В старину раз выбранные в цари и достигшие этой власти оставались на царствие до старости, укрепляя удобные пункты, возводя стены и приобретая землю частью ради безопасности, частью для доставления подданным необходимых средств к жизни в изобилии. Озабоченные этим, цари не подвергались ни злословию, ни зависти, так как большой разницы между ними и остальным народом ни в одежде, ни в пище и питье не было, по образу жизни цари походили на прочих людей и всегда поддерживали общение с народом. Но когда они стали получать власть по наследству и в силу своего происхождения, когда заранее у них были готовы средства безопасности, равно как и жизненные припасы в чрезмерном количестве, тогда вследствие избытка они предавались страстям и решили, что правителям надлежит отличаться от подданных необыкновенным одеянием, что они должны иметь более изысканный стол и лучшую обстановку. (...) Одни из этих поступков породили в людях зависть и недовольство, другие воспламенили ненависть и неукротимую ярость, вследствие чего царство превратилось в тиранию, положено начало упадка власти, и начались козни против властелинов. Козни исходили не от худших граждан, но от благороднейших, гордых и отважнейших, ибо подобные люди были наименее способны переносить излишества правителей.

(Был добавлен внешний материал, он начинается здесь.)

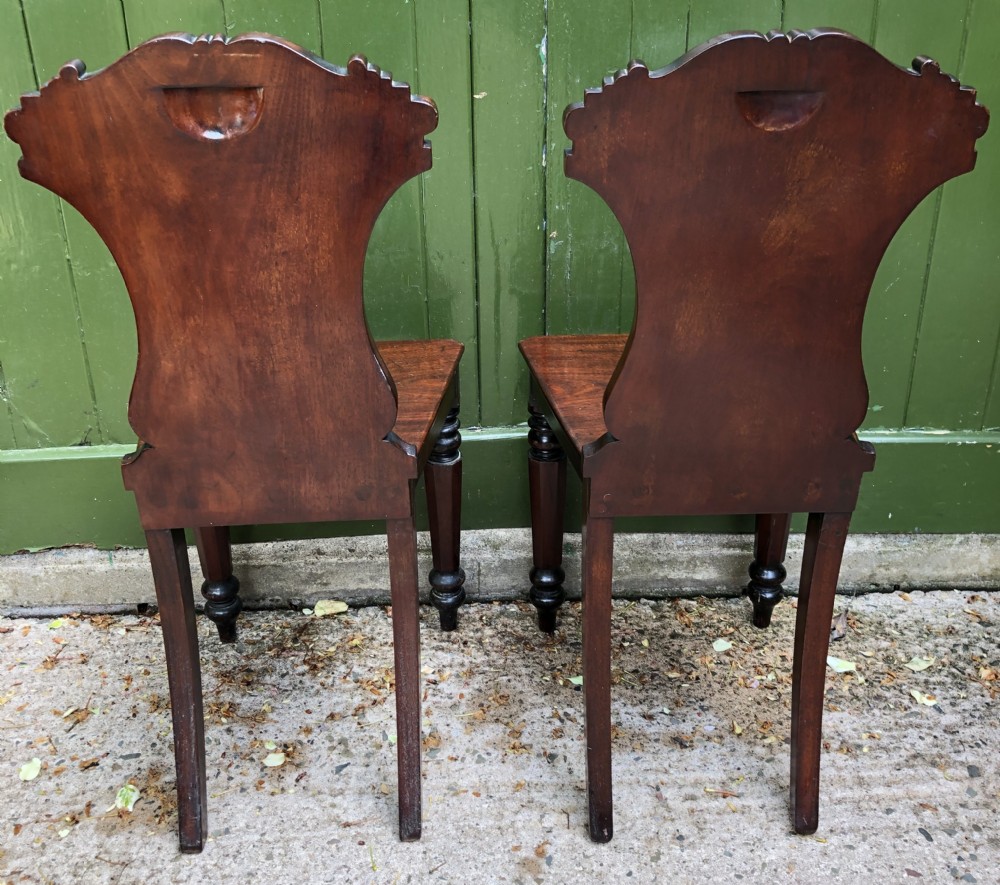 Pair of early C19th George IV period mahogany hall chairs of Grecian revival design. View VI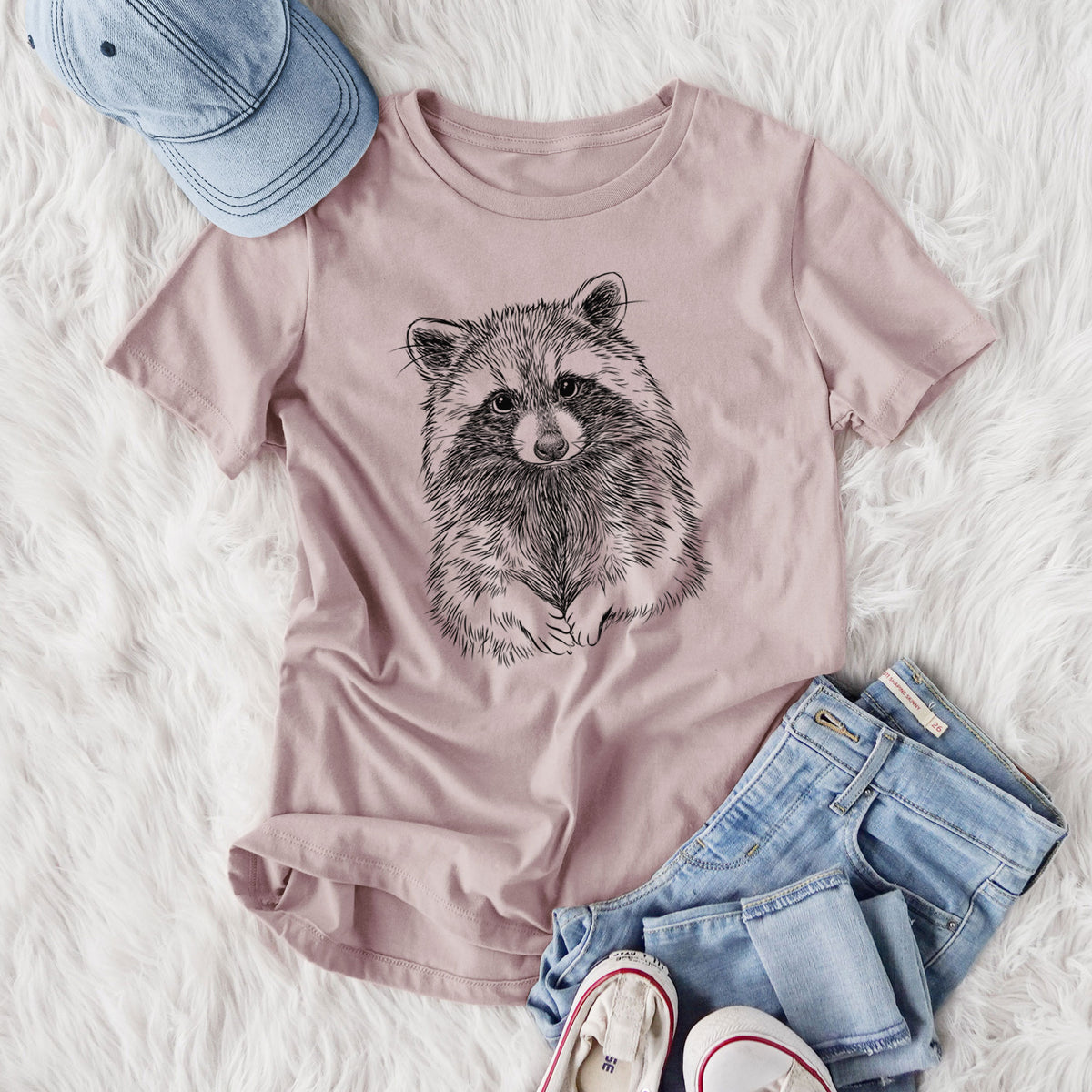 Women's relaxed fit cotton t-shirt printed with a detailed black ink portrait of a raccoon with its front paws resting in front of it, styled flat on a white faux fur rug with jeans.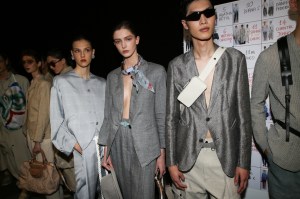 Backstage at Emporio Armani RTW Spring 2022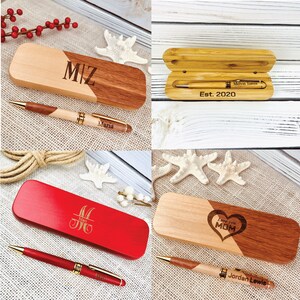 May include: Four different wooden pen and box sets. The first set has a light brown and dark brown box with the initials "M/Z" engraved on the top. The second set has a light brown box with the text "Melvin Torres Est. 2020" engraved on the top. The third set has a red box with the initials "M&M" engraved on the top. The fourth set has a light brown and dark brown box with the text "Love your MOM" and a heart engraved on the top.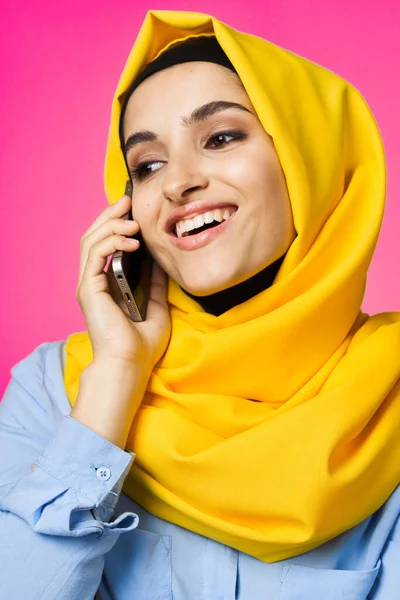 Mujer musulmana en hijab amarillo hablando sobre la tecnología del teléfono de fondo rosa —  Fotos de Stock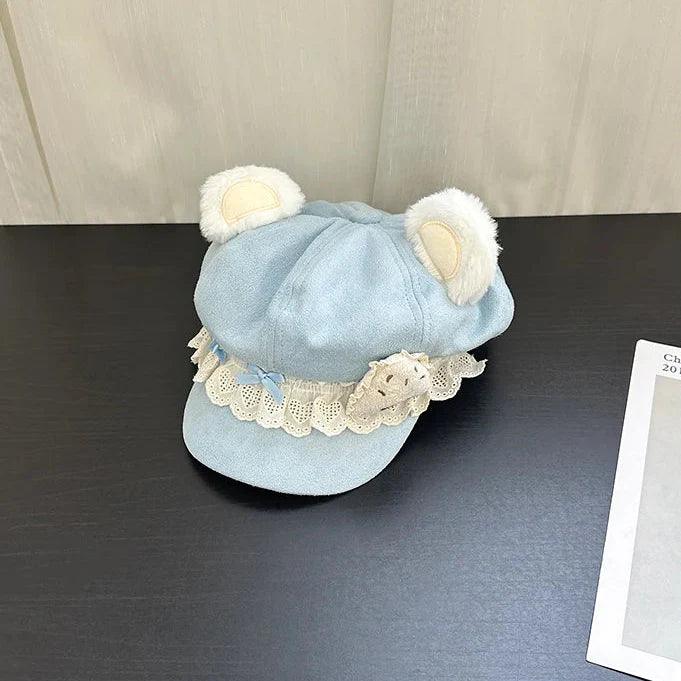 Blue bear cap with white lace trim and teddy-style bear patch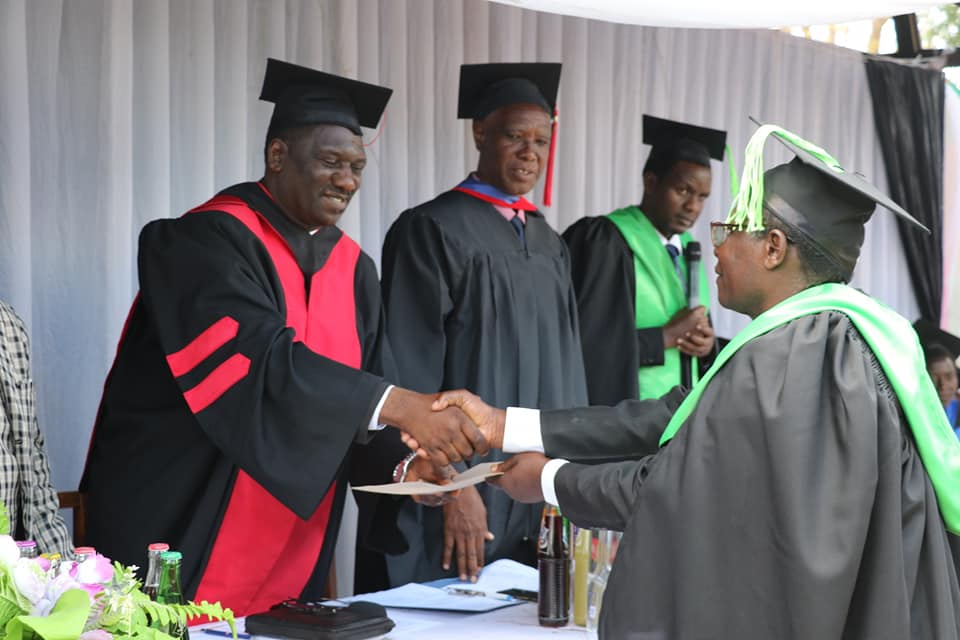 Bishop conferring certificate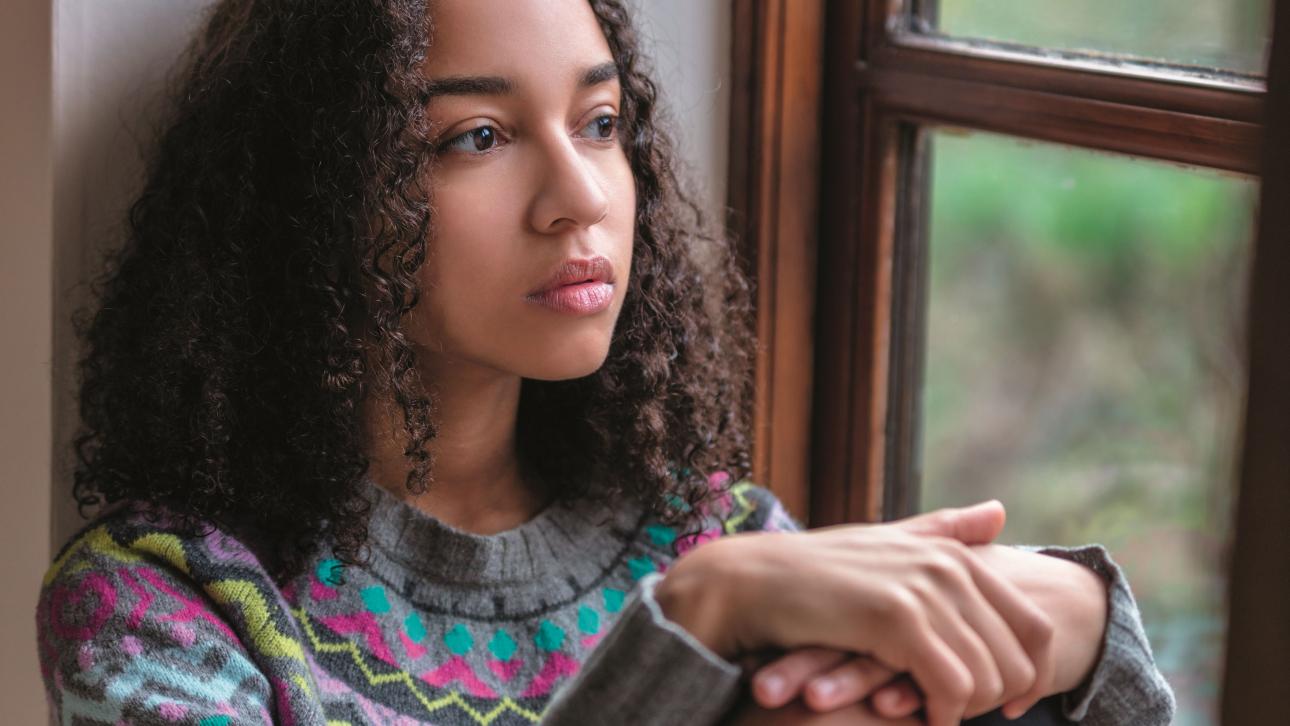 Adolescente pensive assise près d'une fenêtre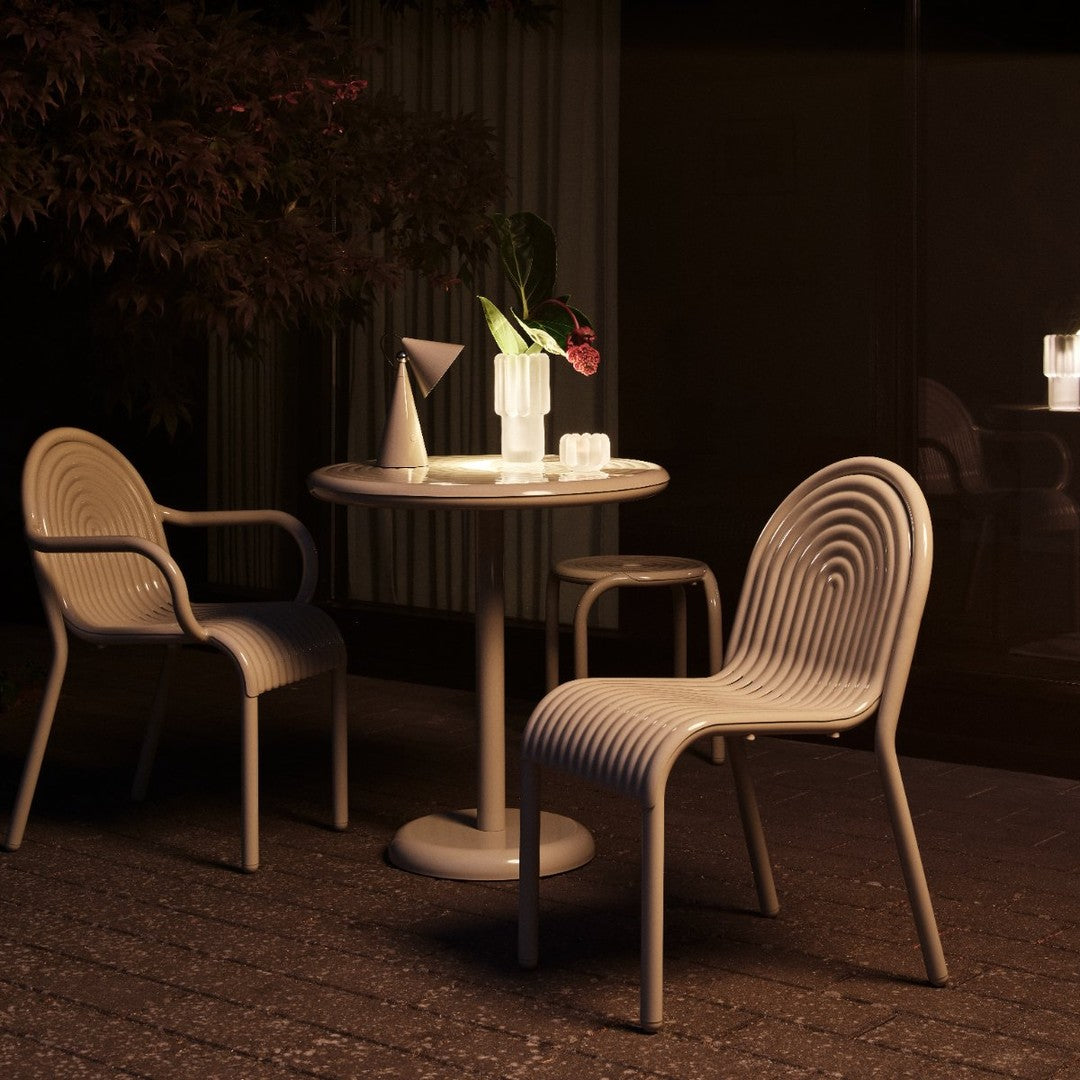 Beige ribbed chairs and round table set against a dark backdrop, featuring sleek lines and soft textures.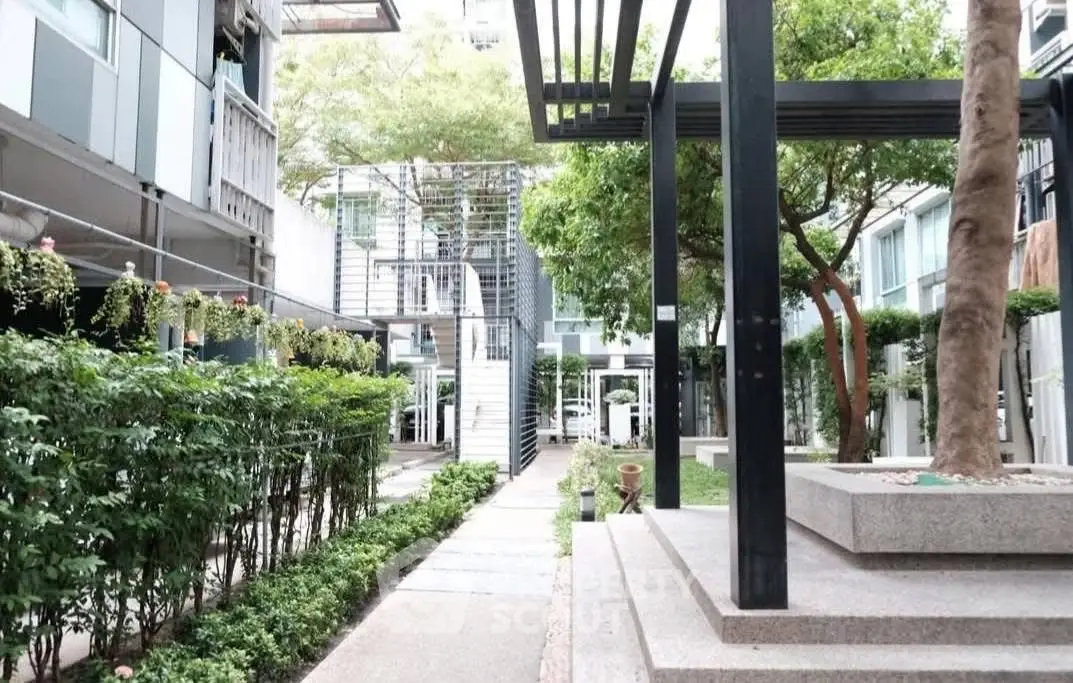 Modern apartment complex with lush greenery and contemporary design.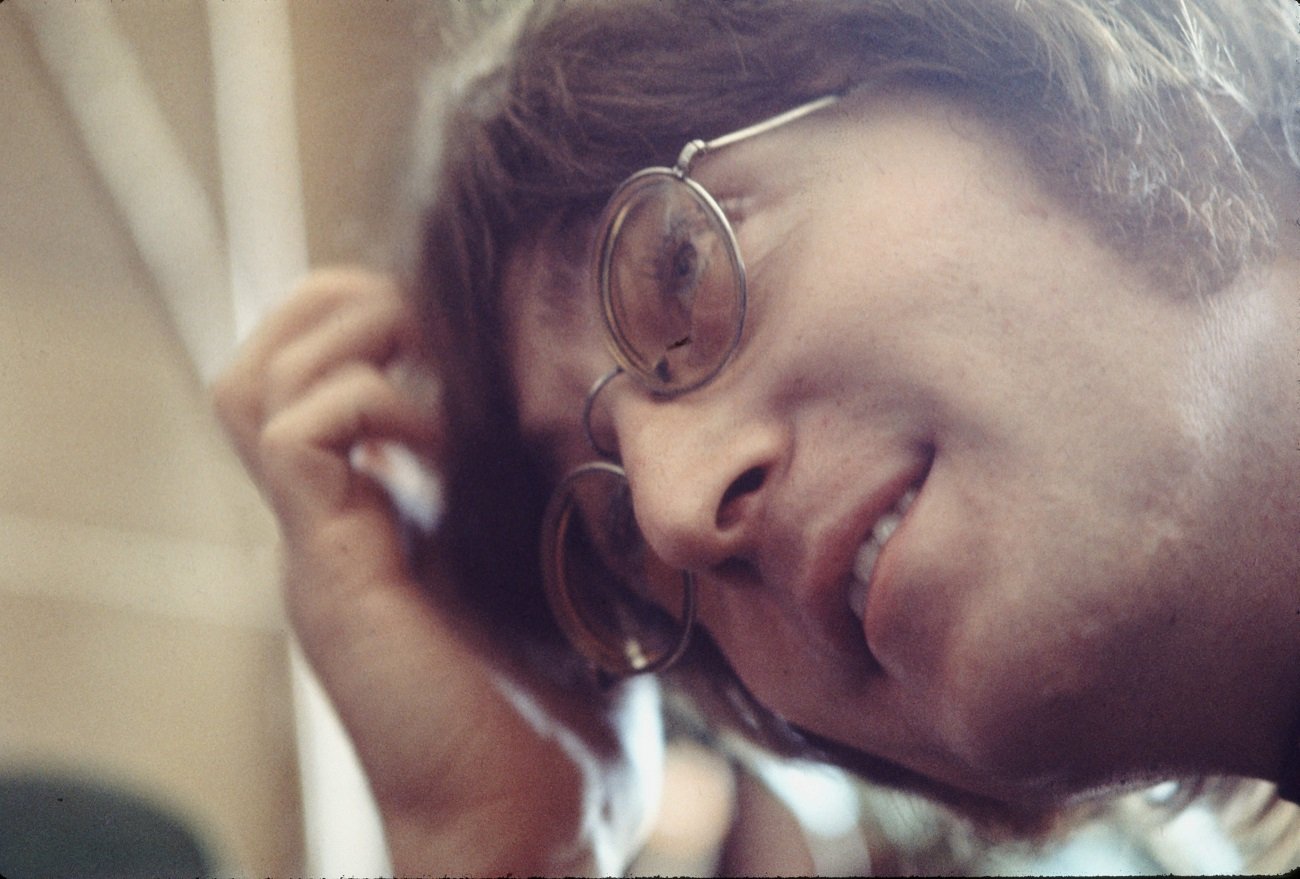 John Lennon smiles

Когда народ нашел себе вождей и стал (...) оказывать им сильную поддержку против властелинов, тогда была совершенно упразднена форма царского и самодержавного управления и вместе с тем получила начало и возникла аристократия. Тут же народ как бы в благодарность за ниспровержение самодержцев призвал виновников переворота к управлению и предоставлял им власть над собою. Правители в свою очередь на первых порах довольны были предоставленным им положением, во всех своих действиях выше всего ставили общее благо, все дела, как частные, так и общенародные, направляли заботливо и предусмотрительно. И опять, когда такую власть по наследству от отцов получали сыновья, не испытавшие несчастий, совершенно незнакомые с требованиями общественного равенства и свободы, с самого начала воспитанные под сенью власти и почестей родителей, тогда одни из таких правителей отдавались корыстолюбию и беззаконному стяжанию, другие предавались пьянству и сопутствующему ему ненасытному обжорству (...) и таким-то образом извратили аристократию в олигархию. Они же вскоре возбудили в толпе настроение, подобное только что описанному; поэтому и для них переворот кончился столь же бедственно, как и для тиранов. И в самом деле, если кто, заметив вражду и ненависть, питаемые гражданами против таких правителей, отваживается что-либо говорить против них или делать, во всем народе он находит готовность к поддержке.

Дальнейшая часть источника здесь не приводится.